(Extracted records)
____
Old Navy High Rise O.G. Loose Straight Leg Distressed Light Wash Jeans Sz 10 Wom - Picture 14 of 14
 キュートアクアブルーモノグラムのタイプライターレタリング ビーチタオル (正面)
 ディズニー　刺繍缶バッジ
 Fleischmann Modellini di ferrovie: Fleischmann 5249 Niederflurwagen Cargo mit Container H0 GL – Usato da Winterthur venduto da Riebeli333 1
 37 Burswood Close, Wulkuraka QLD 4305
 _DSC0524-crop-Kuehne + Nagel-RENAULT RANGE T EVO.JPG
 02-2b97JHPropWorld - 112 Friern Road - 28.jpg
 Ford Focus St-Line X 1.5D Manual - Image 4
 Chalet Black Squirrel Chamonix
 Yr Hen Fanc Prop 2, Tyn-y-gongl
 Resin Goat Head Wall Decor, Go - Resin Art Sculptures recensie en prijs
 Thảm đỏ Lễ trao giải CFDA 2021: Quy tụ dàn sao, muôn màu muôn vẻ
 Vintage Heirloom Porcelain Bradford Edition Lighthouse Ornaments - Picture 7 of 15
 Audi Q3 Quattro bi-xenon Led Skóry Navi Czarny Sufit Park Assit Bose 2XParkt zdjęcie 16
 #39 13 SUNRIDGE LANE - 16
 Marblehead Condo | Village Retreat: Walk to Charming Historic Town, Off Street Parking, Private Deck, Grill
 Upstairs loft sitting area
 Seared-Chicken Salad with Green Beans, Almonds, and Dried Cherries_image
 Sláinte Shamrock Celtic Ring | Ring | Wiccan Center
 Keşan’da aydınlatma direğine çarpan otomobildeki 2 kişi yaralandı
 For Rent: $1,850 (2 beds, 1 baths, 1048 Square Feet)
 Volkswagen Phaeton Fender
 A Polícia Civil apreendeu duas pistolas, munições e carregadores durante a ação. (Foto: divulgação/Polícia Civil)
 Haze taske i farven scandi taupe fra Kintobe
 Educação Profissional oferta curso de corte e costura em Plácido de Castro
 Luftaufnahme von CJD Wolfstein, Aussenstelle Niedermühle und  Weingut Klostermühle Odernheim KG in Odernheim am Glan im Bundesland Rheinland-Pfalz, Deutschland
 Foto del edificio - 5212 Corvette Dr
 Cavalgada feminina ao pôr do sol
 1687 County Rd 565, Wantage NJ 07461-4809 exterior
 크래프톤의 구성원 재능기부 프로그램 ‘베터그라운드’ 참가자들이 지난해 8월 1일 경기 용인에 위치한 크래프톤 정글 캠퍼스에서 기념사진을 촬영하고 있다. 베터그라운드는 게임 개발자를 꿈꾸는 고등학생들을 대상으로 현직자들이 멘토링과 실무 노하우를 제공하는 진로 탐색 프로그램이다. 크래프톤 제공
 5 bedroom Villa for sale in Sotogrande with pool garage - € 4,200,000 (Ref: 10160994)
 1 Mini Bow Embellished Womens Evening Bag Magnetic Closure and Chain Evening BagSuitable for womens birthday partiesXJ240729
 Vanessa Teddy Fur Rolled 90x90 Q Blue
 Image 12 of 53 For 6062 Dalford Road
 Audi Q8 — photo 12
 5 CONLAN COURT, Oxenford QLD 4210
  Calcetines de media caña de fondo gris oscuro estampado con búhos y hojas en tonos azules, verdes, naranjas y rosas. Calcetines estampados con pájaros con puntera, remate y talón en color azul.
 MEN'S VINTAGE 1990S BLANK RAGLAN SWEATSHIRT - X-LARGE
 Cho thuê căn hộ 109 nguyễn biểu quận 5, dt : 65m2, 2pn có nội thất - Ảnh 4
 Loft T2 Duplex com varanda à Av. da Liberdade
____
**Problem requirements**. From the records above, retype only the lines starting at the line that contains "Vanessa Teddy Fur Rolled 90x90 Q Blue" and ending at the line that contains "5 CONLAN COURT, Oxenford QLD 4210", both included.

**Task result**.
 Vanessa Teddy Fur Rolled 90x90 Q Blue
 Image 12 of 53 For 6062 Dalford Road
 Audi Q8 — photo 12
 5 CONLAN COURT, Oxenford QLD 4210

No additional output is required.